Data records
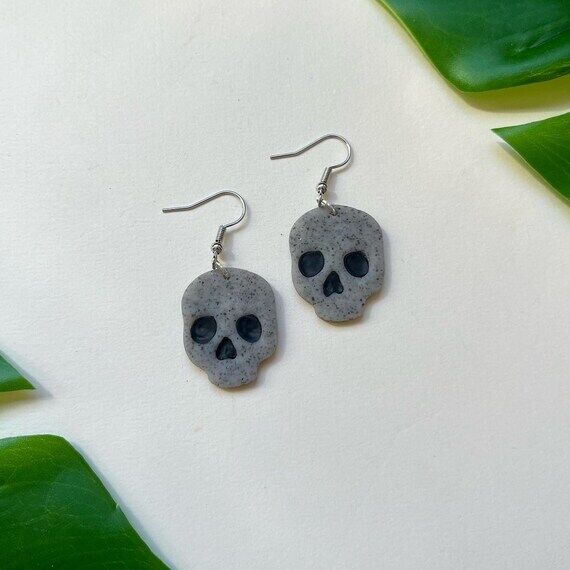 Grey Skull Earrings | Halloween | Polymer Cla...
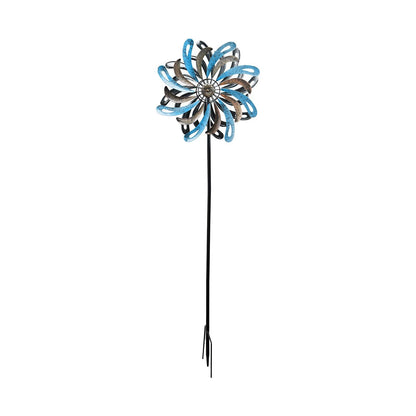 Small Ocean Wave Vortex Wind Spinner Stake – 120 x 36 x 15 CM | Metal Kinetic Garden Wind Sculpture | Outdoor Yard Art & Decorative Spinner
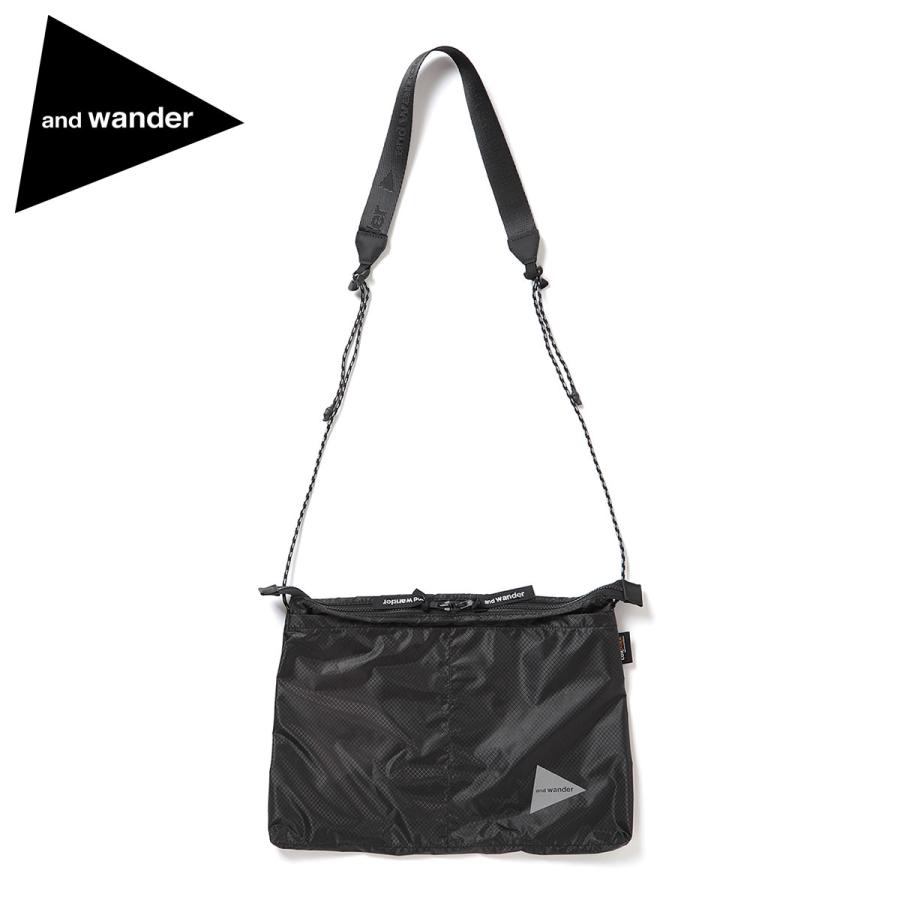 and wander アンドワンダー シルサコッシュ 5745975213 and wander（アンドワンダー） ポイント10% シルサコッシュ ブラック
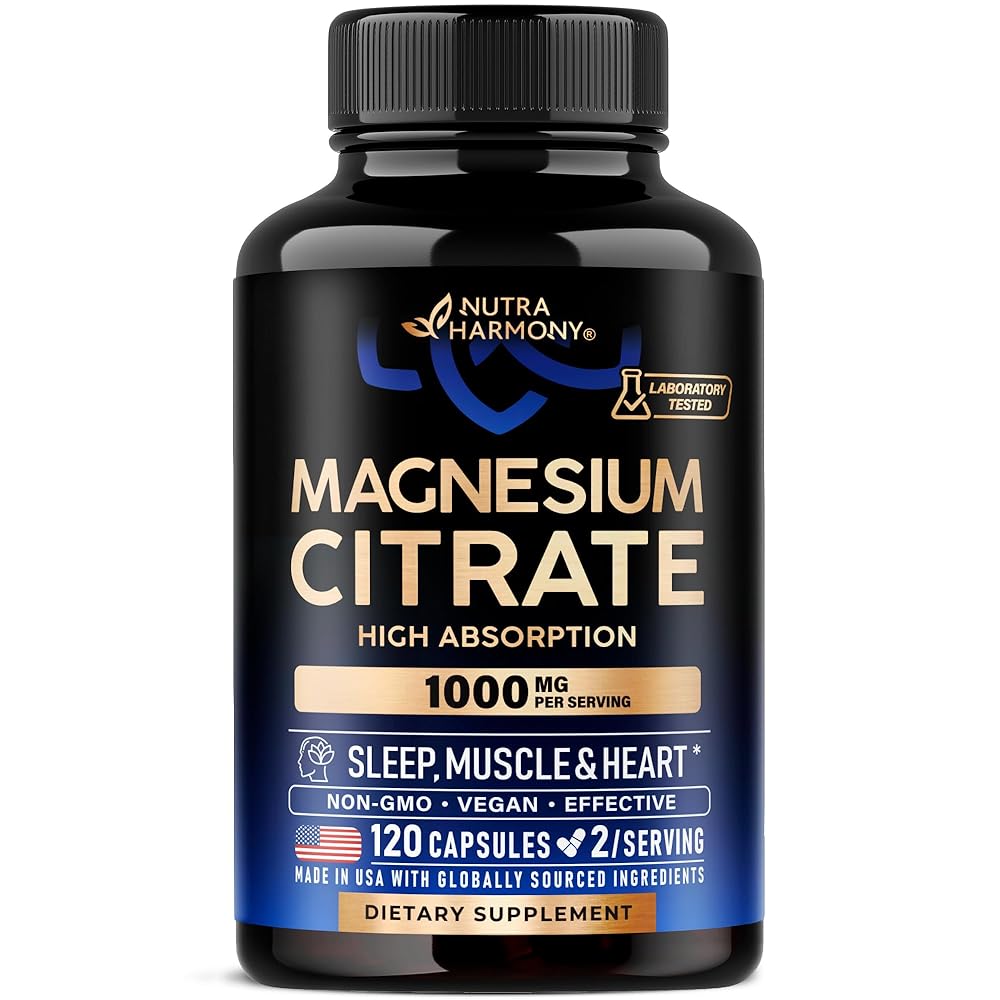 Magnesium Citrate Capsules 1000mg | High Absorption Supplement - Sleep, Muscle & Heart Support - Vegan | Non-GMO - Made in USA - As Powder | Pills | Tablets - 120 Capsules, 2 Month Supply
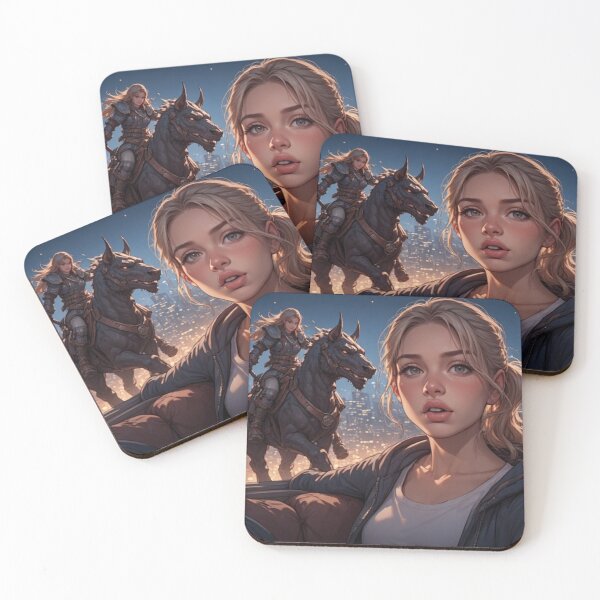 Item preview, epic art, stunning blonde girl posing for a photoshoot with dream knight designed and sold by Design Repo.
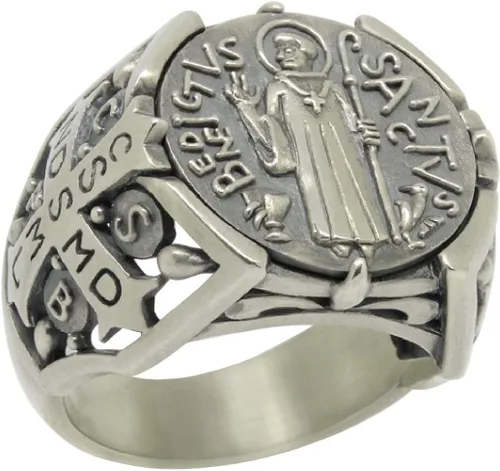 Vista 8 de St Benedict christian catholic ancient Sterling Silver 925 medal mens ring, Exorcism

• [Exercise aim]:
This task calls for the records to be copied exactly, without pictures.

• [Solved exercise]:
 Grey Skull Earrings | Halloween | Polymer Cla...
 Small Ocean Wave Vortex Wind Spinner Stake – 120 x 36 x 15 CM | Metal Kinetic Garden Wind Sculpture | Outdoor Yard Art & Decorative Spinner
 and wander アンドワンダー シルサコッシュ 5745975213 and wander（アンドワンダー） ポイント10% シルサコッシュ ブラック
 Magnesium Citrate Capsules 1000mg | High Absorption Supplement - Sleep, Muscle & Heart Support - Vegan | Non-GMO - Made in USA - As Powder | Pills | Tablets - 120 Capsules, 2 Month Supply
 Item preview, epic art, stunning blonde girl posing for a photoshoot with dream knight designed and sold by Design Repo.
 Vista 8 de St Benedict christian catholic ancient Sterling Silver 925 medal mens ring, Exorcism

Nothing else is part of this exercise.